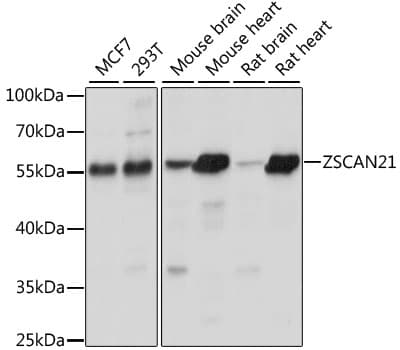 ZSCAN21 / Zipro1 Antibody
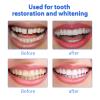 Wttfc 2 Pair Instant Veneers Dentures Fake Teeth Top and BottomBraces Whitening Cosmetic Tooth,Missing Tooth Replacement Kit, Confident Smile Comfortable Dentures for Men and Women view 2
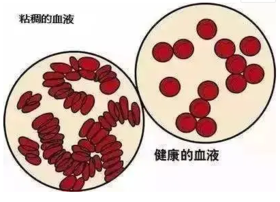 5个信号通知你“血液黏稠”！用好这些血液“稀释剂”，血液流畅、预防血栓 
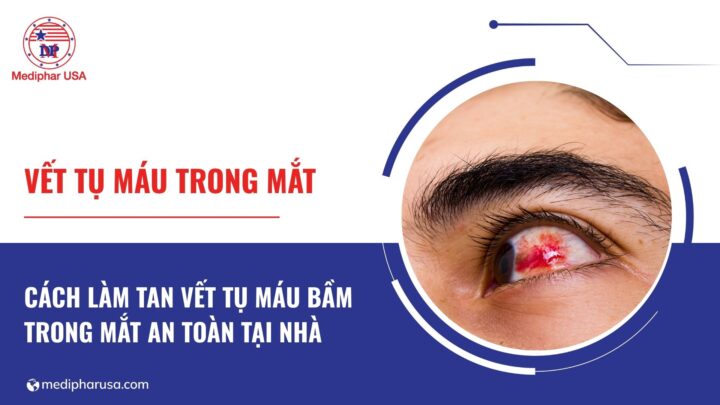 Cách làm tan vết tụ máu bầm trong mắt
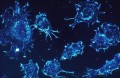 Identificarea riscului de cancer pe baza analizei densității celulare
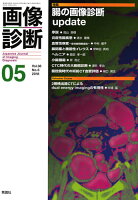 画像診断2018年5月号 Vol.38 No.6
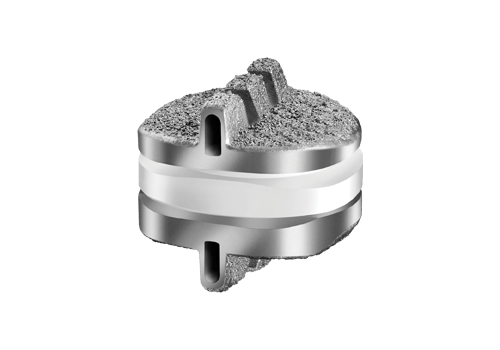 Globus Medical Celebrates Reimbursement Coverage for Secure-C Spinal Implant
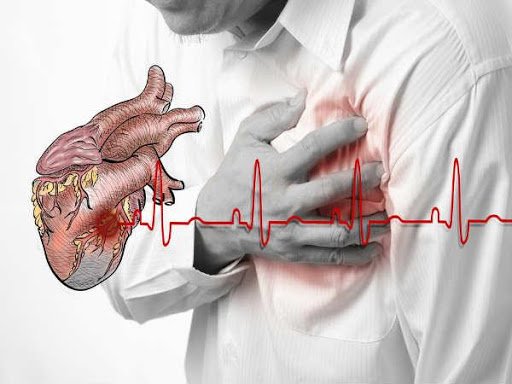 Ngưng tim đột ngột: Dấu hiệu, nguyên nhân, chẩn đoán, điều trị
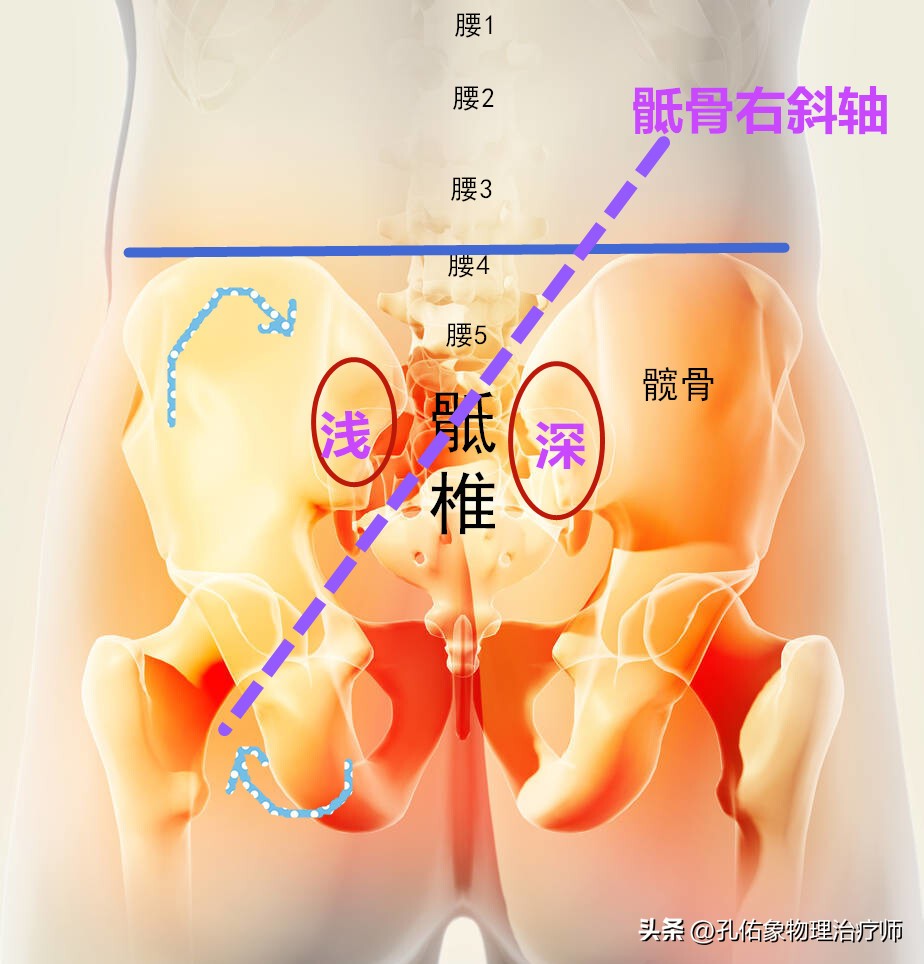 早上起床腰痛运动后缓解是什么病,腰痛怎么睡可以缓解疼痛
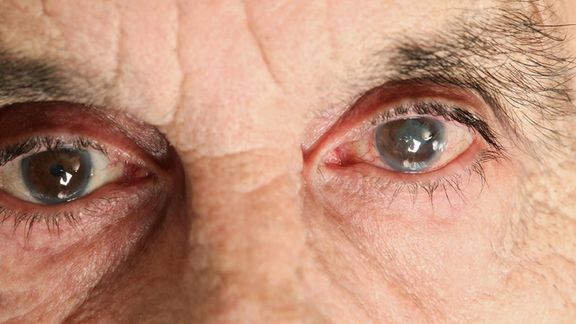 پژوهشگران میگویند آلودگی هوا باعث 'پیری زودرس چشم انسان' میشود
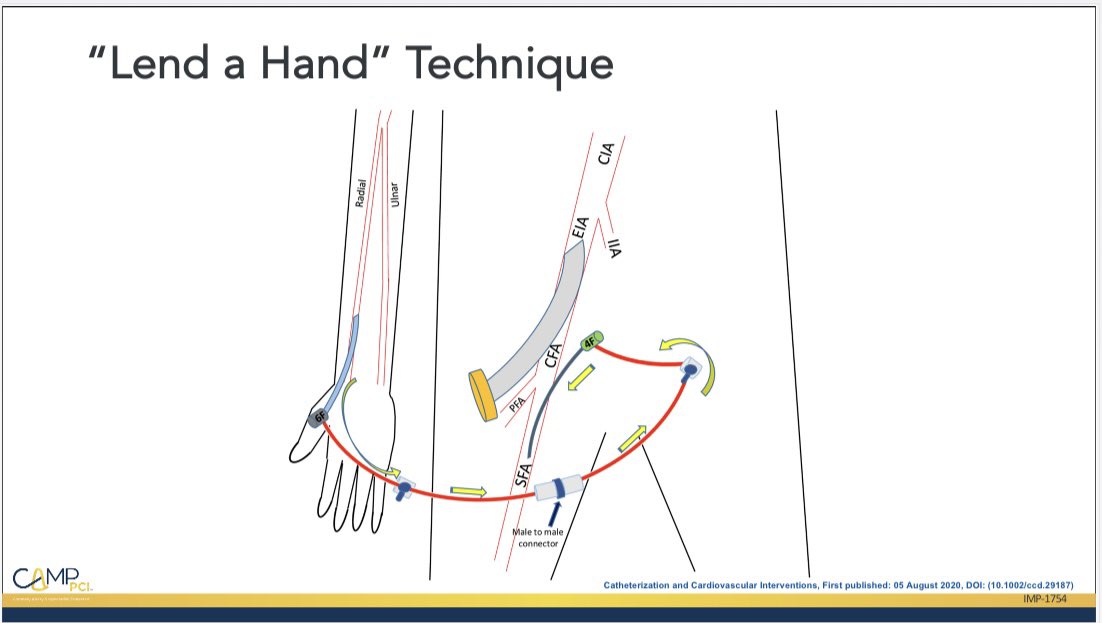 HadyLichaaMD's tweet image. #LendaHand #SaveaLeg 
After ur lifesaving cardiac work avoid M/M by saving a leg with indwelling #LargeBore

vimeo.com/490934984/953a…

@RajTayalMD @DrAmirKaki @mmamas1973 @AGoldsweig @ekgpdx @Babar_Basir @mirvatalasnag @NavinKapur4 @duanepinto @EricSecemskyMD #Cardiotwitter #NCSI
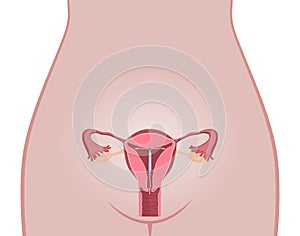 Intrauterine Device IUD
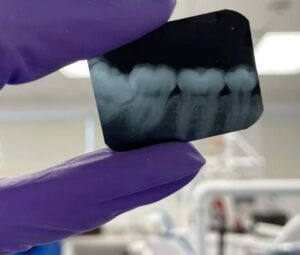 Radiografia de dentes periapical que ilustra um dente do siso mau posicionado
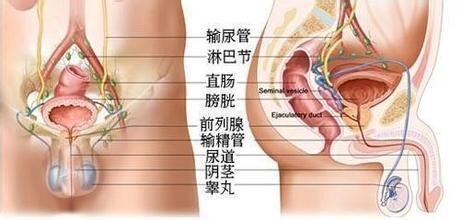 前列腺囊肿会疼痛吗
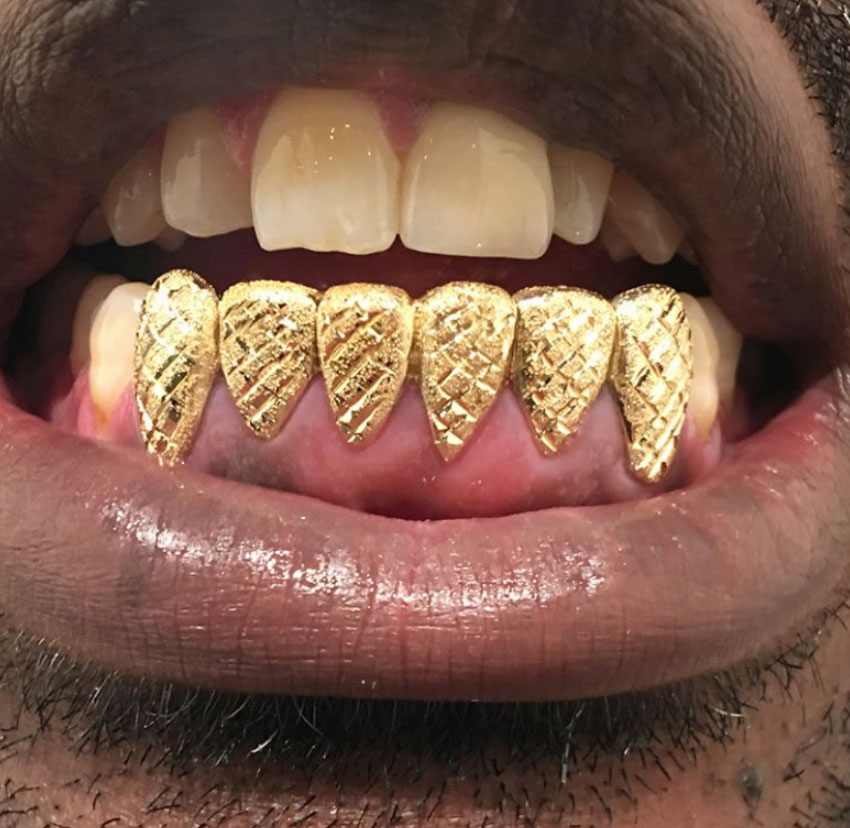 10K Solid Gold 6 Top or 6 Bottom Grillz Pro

- _Instructions for the task_
Skip the pictures. Write out exactly the lines from the one with "Ngưng tim đột" through the last line of the listing, both ends included, and nothing more.

- _Answer to this exercise_
 Ngưng tim đột ngột: Dấu hiệu, nguyên nhân, chẩn đoán, điều trị
 早上起床腰痛运动后缓解是什么病,腰痛怎么睡可以缓解疼痛
 پژوهشگران میگویند آلودگی هوا باعث 'پیری زودرس چشم انسان' میشود
 HadyLichaaMD's tweet image. #LendaHand #SaveaLeg 
After ur lifesaving cardiac work avoid M/M by saving a leg with indwelling #LargeBore

vimeo.com/490934984/953a…

@RajTayalMD @DrAmirKaki @mmamas1973 @AGoldsweig @ekgpdx @Babar_Basir @mirvatalasnag @NavinKapur4 @duanepinto @EricSecemskyMD #Cardiotwitter #NCSI
 Intrauterine Device IUD
 Radiografia de dentes periapical que ilustra um dente do siso mau posicionado
 前列腺囊肿会疼痛吗
 10K Solid Gold 6 Top or 6 Bottom Grillz Pro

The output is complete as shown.